The Gospel reading this morning would seem to play perfectly into the hand of a preacher seeking to comment on this week’s election.  Saint Luke reports that Jesus paints a picture of apparent doom, social and environmental destruction, and false leadership, as well as suffering and disdain for the righteous.  “Beware that you are not led astray,” Jesus says.  “… there will be dreadful portents… they will arrest you and persecute you… you will be betrayed… and they will put some of you to death”  Many Episcopalians will find in these verses pitch-perfect echoes of how this year’s election feels.

But, to be a little flippant, to me the present moment feels a little more Old Testament than New, so why not reach for the short excerpt from Malachi instead.  For here, too, this morning, we are not disappointed if we are looking for biblical commentary on the national moment:  “See, the day is coming, burning like an oven, when all the arrogant and all evildoers will be stubble;” we hear the prophet Malachi warn, “the day that comes shall burn them up, says the Lord of hosts, so that it will leave them neither root nor branch.”  Now we are getting close to fire and brimstone!

Unfortunately for the preacher, if you check the context, you will find that, as was the case with Saint Luke, the prophet Malachi was not writing in an election year: a detail that impresses upon the preacher the need to step back, and a take a deep breath, and just check himself for a moment.

It turns out that the prophet Malachi was not, in fact, addressing American voters, neither Republicans nor Democrats.  His prophetic rant was actually addressed not only to the children of Israel, but specifically to their priests, who were responsible for the sacrificial offerings to the Lord, and whose offerings were found in the sight of God to be wanting.  And the prophetic complaint is not about the politics of the priests, it is about the insufficiency of their offerings.  Yes, it turns out that the prophecies of Malachi are essentially a stewardship sermon, which, of course, suits the purposes of a preacher perfectly on Commitment Sunday, when you are asked to consider your offerings for God’s church.

The prophet announces that God holds the priests in contempt, and with them all of Israel, because of their lax and un-generous giving.  By being so cheap, he tells them, they “despise” God’s name.  And he clarifies his thinking: “You say, how have we despised thy name?”

“By thinking that the Lord’s table may be despised,” he asserts, going on to list the ways the offerings have been inadequate.

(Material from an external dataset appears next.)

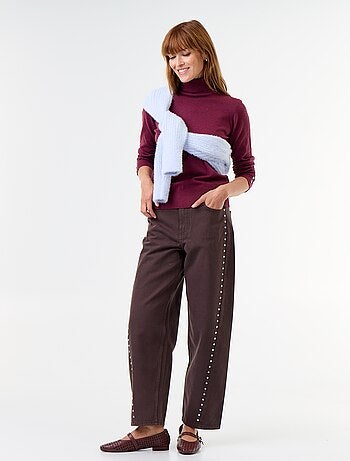 Camisola de gola alta em malha fina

But Malachi knows how easily the priests are bored by stewardship sermons.  He can already hear their indifference: “’What a weariness this is,’ you say, and you sniff at me, says the Lord of hosts.  You bring what has been taken by violence, or is lame or sick, and this you bring as your offering….  Behold, I will rebuke your offspring, and spread dung on your faces, the dung of your offerings, and I will put you out of my presence.”

Admittedly, as stewardship campaigns go, the thing with the dung is not a tactic that has been often used.  We will continue here at Saint Mark’s to go instead with the pledge cards, and the celebration brunch, and the word of thanks for your giving, rather than employing dung in any way, shape, or form whatsoever.  But I joke about it mostly because God’s impatience with cheap offerings actually cuts a bit close to the bone.  And it’s always easier to laugh at God, to sniff at him, when he’s getting especially close to the truth about us, than to take his rebuke seriously to heart.

The clever preacher, having thus far avoided serious mention of the election (and having justified said avoidance early in the sermon, with the suggestion of high-mindedness) might continue to steer clear of this particular mine-field.  Having successfully alighted on the ironically safe theme of giving… I mean giving your money… which, you see, is not normally considered the welcomest of topics… but under the circumstances… well …he might bask in the moment and remind himself to “stay on point, Sean, stay on point.  Nice and cool….”  But to do so, the preacher would have to ignore the fact that this particular moment in America is somewhat fraught, and that a resounding rejoinder to give generously might be counted as somewhat less balm than is required to soothe the present moment, if indeed soothing is what’s called for.

To steer wide of such commentary would also be to ignore the fact that even if it was not an election year when he was writing, Saint Luke tells us that Jesus himself did not avoid this kind of talk when he painted that picture of apparent doom, of social and environmental destruction, of false leadership, as well as of suffering and disdain that await the righteous – a picture that overlays our own moment a little imperfectly, perhaps, but maybe only a little imperfectly.  And it turns out that Jesus does, in fact, have advice for his followers under circumstances like these, and this is his advice: “Beware that you are not led astray.”  Beware.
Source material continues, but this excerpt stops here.